Final Report Summary - KELEGANS (Genetics and cell biology of K2P channels)

Two-pore domain potassium channels form a large family of well-conserved ion channels that play a central role in the establishment and maintenance of the resting membrane potential of almost all animal cells. They regulate neuronal excitability, hormone secretion, respiratory and cardiac functions. Recently, mutations in K2P channels have been implicated in rare human diseases affecting the function of the heart and the nervous system (Birk Barel mental retardation with dysmorphism syndrome, severe cardiac conduction disorder, FHEIG neuro-developmental disorder). Their role as modulators of cellular excitability make them interesting entry points to affect neuronal function.
In contrast to many other ion channel families, comparatively little is known about factors that specifically regulate the expression, the activity and the localization of K2P channels at the cell surface. Therefore, the central question addressed by our project was: how is the number of active K2P potassium channels present at the cell surface controlled in vivo?
To address this basic question, we have used forward genetic screens in the model nematode C. elegans to identify factors that regulate the trafficking, expression, and subcellular localization of K2P channels. The starting point for these genetic screens are gain-of-function mutants of K2P channels that cause strong and easily identifiable behavioral phenotypes. This approach has become possible because of a crucial discovery of our group. By combining electrophysiology in Xenopus oocyte and CRISPR/Cas9-based gene editing in C. elegans, we have shown that a single conserved residue controls the activity of all K2P channels from vertebrates and invertebrates (Ben Soussia, Nature Communications 2019). This has allowed us to rationally design gain-of-function mutants for C. elegans K2P channels and to identify genes that are specifically required to control their expression, biogenesis, trafficking, and subcellular distribution.
Using this genetic approach, we have identified previously unknown functional links between K2P channels and major regulators of cellular function such as Ankyrin, Notch signaling, and Dystrophin. Furthermore, we have discovered that K2P channels are not randomly localized at the surface of excitable cells as previously thought. On the contrary, different channels are partitioned to distinct subcellular domains of the plasmamembrane. This has led us to identify a novel planar polarity paradigm in C. elegans which was entirely unsuspected, and fully revisit the function of Dystrophin and its associated proteins in C. elegans, resolving a long-lasting controversy in the field about the structure of the DAPC in worms.

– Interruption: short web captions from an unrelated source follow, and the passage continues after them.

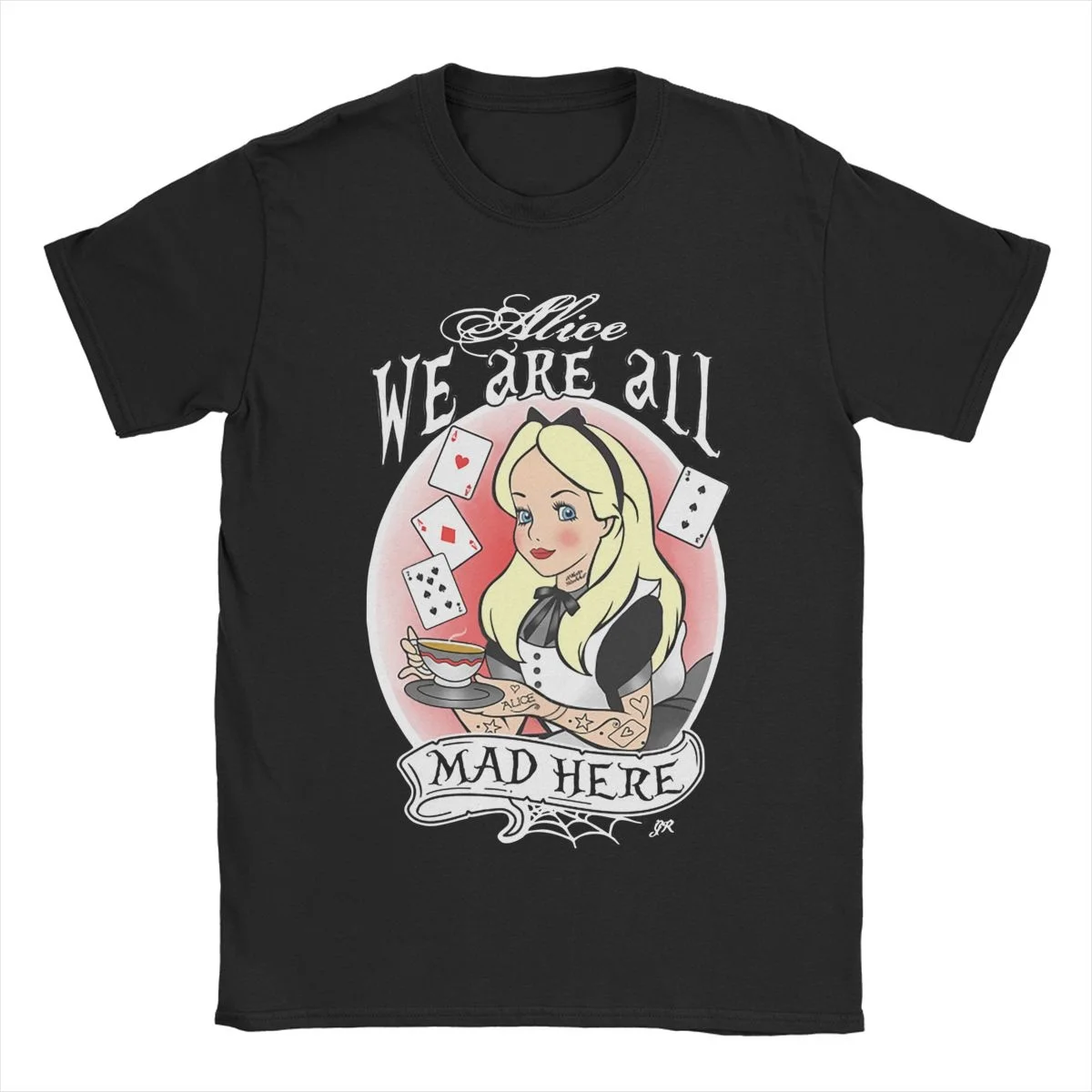 

Punk Alice In Wonderland Anime T Shirts Men Women's Pure Cotton Fun T-Shirts O Neck Disney Tees Short Sleeve Clothes Original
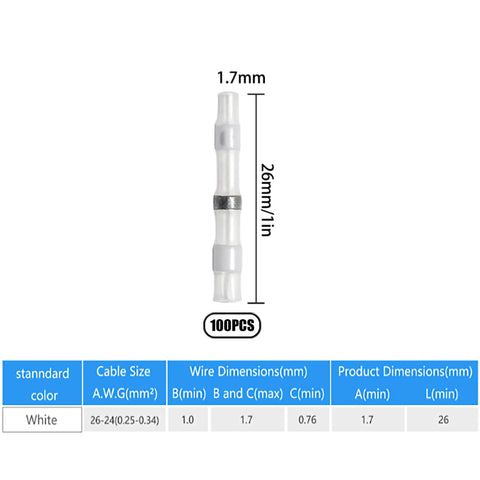 Top Shelf 100 Pack White Solder Seal Wire Connectors for 26 To 24 AWG Cables showcasing dimensions and details.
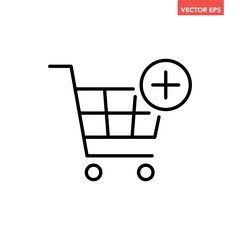 Black single add to cart line icon, simple shopping cart with addition mark flat design vector pictogram, interface elements for app logo web button ui ux isolated on white background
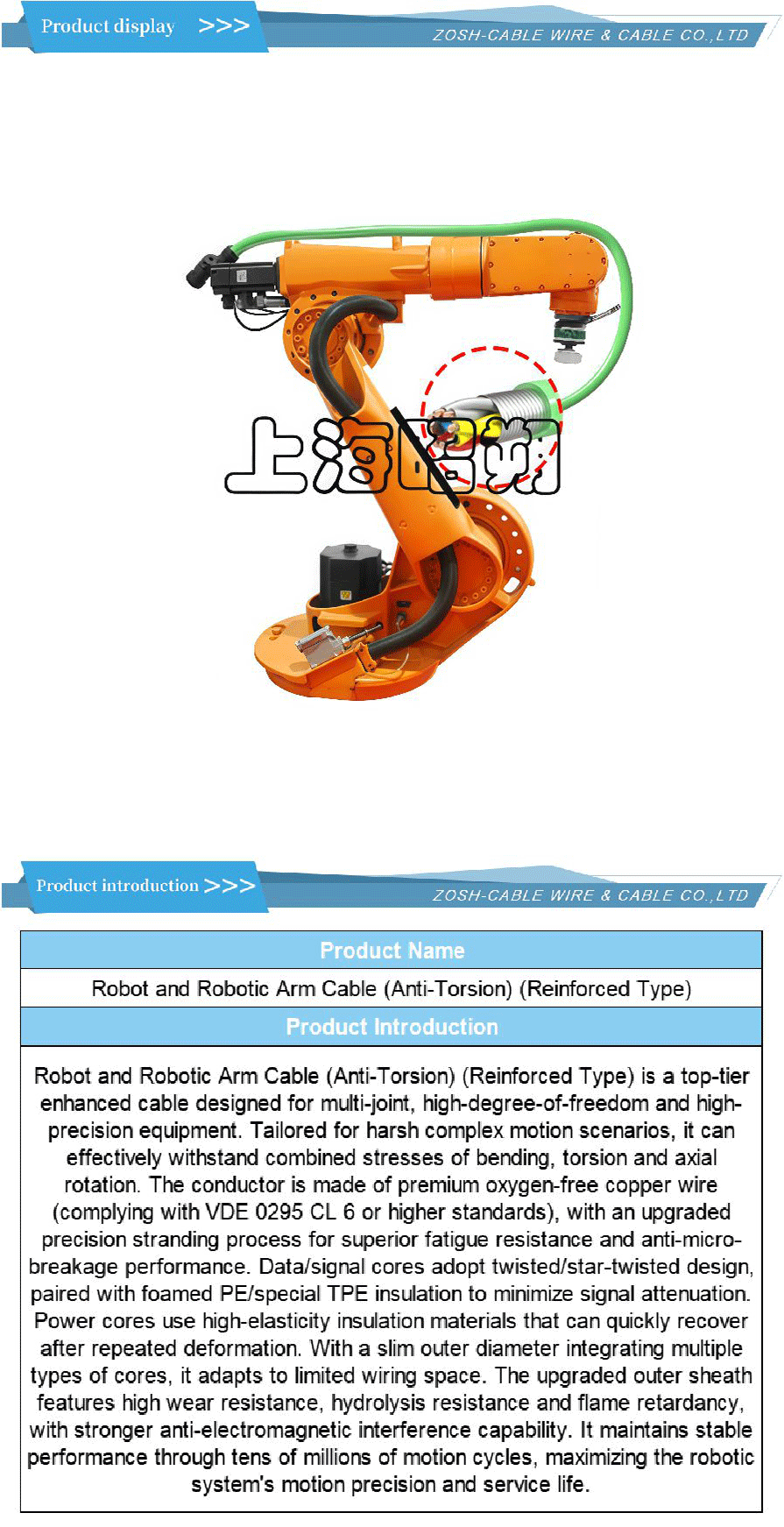 Robot cable (anti-torsion)-xiangqing1-ZS017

By employing state-of-the-art gene editing techniques, we have generated fluorescently-labeled knockin lines for many of the 47 K2P channels present in the C. elegans genome. This systematic effort has revealed striking cell- and tissue-specific expression patterns that hint at a complex combinatorial code that could be at the basis of the precise control of cellular excitability in the nematodes nervous system. This could add a highly relevant layer of complexity to our understanding of this apparently simple and well-described model nervous system.
By combining a wide array of experimental strategies including genetics, gene editing, fluorescence imaging, and electrophysiology, the Kelegans project has produced a more complete picture of the conserved molecular players that regulate K2P channels in vivo and identified unexpected cellular processes that pattern the cell.